Short descriptive text snippets
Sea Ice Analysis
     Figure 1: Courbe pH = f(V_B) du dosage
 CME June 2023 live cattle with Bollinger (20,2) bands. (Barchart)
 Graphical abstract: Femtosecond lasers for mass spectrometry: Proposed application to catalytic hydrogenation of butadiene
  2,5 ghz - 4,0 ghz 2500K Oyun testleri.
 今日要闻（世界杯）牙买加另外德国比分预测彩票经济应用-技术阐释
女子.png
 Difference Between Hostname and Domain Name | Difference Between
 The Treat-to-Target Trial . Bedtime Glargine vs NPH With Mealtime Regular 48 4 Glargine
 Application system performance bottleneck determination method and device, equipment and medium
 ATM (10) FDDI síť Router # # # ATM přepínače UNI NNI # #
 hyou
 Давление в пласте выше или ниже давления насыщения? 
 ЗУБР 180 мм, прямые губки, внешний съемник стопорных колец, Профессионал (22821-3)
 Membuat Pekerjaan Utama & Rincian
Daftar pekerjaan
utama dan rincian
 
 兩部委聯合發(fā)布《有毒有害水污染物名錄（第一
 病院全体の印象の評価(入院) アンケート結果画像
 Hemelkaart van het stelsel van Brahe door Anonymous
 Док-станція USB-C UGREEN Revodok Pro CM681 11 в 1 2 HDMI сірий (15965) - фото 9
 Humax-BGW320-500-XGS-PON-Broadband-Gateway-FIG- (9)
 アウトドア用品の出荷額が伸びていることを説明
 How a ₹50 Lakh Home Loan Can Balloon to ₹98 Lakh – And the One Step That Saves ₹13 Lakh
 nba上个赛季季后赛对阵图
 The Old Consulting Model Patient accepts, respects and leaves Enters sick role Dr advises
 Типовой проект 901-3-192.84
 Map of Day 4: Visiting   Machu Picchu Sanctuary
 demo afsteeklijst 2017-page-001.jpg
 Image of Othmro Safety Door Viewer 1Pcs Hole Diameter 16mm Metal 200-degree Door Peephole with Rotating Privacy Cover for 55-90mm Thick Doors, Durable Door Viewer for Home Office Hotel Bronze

■ WORK ORDER ■
Search the data for the string "Home". List each line that has it.

■ EXPECTED ANSWER ■
 How a ₹50 Lakh Home Loan Can Balloon to ₹98 Lakh – And the One Step That Saves ₹13 Lakh
 Image of Othmro Safety Door Viewer 1Pcs Hole Diameter 16mm Metal 200-degree Door Peephole with Rotating Privacy Cover for 55-90mm Thick Doors, Durable Door Viewer for Home Office Hotel Bronze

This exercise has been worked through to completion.